# DATA RECORDS
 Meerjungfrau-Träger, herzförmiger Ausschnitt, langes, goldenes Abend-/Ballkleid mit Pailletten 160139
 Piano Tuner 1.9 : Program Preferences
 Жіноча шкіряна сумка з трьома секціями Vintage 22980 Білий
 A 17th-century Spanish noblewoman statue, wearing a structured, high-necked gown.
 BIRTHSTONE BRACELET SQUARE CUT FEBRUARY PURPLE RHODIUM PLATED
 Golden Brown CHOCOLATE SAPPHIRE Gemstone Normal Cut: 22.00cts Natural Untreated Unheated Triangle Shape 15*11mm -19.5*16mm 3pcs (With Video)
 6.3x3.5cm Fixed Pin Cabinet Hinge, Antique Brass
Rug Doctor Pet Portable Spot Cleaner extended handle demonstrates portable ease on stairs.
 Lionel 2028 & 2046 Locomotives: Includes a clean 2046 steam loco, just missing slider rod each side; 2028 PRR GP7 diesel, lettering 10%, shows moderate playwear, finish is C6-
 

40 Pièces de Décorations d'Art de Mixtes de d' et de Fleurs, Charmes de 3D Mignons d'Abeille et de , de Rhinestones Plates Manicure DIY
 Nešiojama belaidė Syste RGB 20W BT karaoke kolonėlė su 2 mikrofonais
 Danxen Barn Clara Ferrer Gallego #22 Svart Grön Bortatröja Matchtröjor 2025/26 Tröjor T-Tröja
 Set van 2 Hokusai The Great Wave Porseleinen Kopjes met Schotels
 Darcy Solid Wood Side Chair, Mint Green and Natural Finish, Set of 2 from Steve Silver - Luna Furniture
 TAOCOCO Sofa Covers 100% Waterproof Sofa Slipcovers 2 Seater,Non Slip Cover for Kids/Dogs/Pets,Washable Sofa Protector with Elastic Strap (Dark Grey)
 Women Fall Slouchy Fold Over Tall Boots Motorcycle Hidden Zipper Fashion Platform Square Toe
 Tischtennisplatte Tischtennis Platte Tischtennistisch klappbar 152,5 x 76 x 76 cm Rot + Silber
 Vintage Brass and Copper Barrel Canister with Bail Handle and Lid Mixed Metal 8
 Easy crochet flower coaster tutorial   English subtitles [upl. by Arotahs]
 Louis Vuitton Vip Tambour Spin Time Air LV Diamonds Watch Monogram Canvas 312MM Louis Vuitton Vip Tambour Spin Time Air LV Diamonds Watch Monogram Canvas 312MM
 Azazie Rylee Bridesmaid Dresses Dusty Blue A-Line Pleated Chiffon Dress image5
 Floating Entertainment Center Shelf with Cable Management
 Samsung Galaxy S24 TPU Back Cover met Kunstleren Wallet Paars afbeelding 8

# EXERCISE DESCRIPTION
All of the data above should be reproduced exactly, with nothing left out.

# RESPONSE FOR THIS EXERCISE
 Meerjungfrau-Träger, herzförmiger Ausschnitt, langes, goldenes Abend-/Ballkleid mit Pailletten 160139
 Piano Tuner 1.9 : Program Preferences
 Жіноча шкіряна сумка з трьома секціями Vintage 22980 Білий
 A 17th-century Spanish noblewoman statue, wearing a structured, high-necked gown.
 BIRTHSTONE BRACELET SQUARE CUT FEBRUARY PURPLE RHODIUM PLATED
 Golden Brown CHOCOLATE SAPPHIRE Gemstone Normal Cut: 22.00cts Natural Untreated Unheated Triangle Shape 15*11mm -19.5*16mm 3pcs (With Video)
 6.3x3.5cm Fixed Pin Cabinet Hinge, Antique Brass
Rug Doctor Pet Portable Spot Cleaner extended handle demonstrates portable ease on stairs.
 Lionel 2028 & 2046 Locomotives: Includes a clean 2046 steam loco, just missing slider rod each side; 2028 PRR GP7 diesel, lettering 10%, shows moderate playwear, finish is C6-
 

40 Pièces de Décorations d'Art de Mixtes de d' et de Fleurs, Charmes de 3D Mignons d'Abeille et de , de Rhinestones Plates Manicure DIY
 Nešiojama belaidė Syste RGB 20W BT karaoke kolonėlė su 2 mikrofonais
 Danxen Barn Clara Ferrer Gallego #22 Svart Grön Bortatröja Matchtröjor 2025/26 Tröjor T-Tröja
 Set van 2 Hokusai The Great Wave Porseleinen Kopjes met Schotels
 Darcy Solid Wood Side Chair, Mint Green and Natural Finish, Set of 2 from Steve Silver - Luna Furniture
 TAOCOCO Sofa Covers 100% Waterproof Sofa Slipcovers 2 Seater,Non Slip Cover for Kids/Dogs/Pets,Washable Sofa Protector with Elastic Strap (Dark Grey)
 Women Fall Slouchy Fold Over Tall Boots Motorcycle Hidden Zipper Fashion Platform Square Toe
 Tischtennisplatte Tischtennis Platte Tischtennistisch klappbar 152,5 x 76 x 76 cm Rot + Silber
 Vintage Brass and Copper Barrel Canister with Bail Handle and Lid Mixed Metal 8
 Easy crochet flower coaster tutorial   English subtitles [upl. by Arotahs]
 Louis Vuitton Vip Tambour Spin Time Air LV Diamonds Watch Monogram Canvas 312MM Louis Vuitton Vip Tambour Spin Time Air LV Diamonds Watch Monogram Canvas 312MM
 Azazie Rylee Bridesmaid Dresses Dusty Blue A-Line Pleated Chiffon Dress image5
 Floating Entertainment Center Shelf with Cable Management
 Samsung Galaxy S24 TPU Back Cover met Kunstleren Wallet Paars afbeelding 8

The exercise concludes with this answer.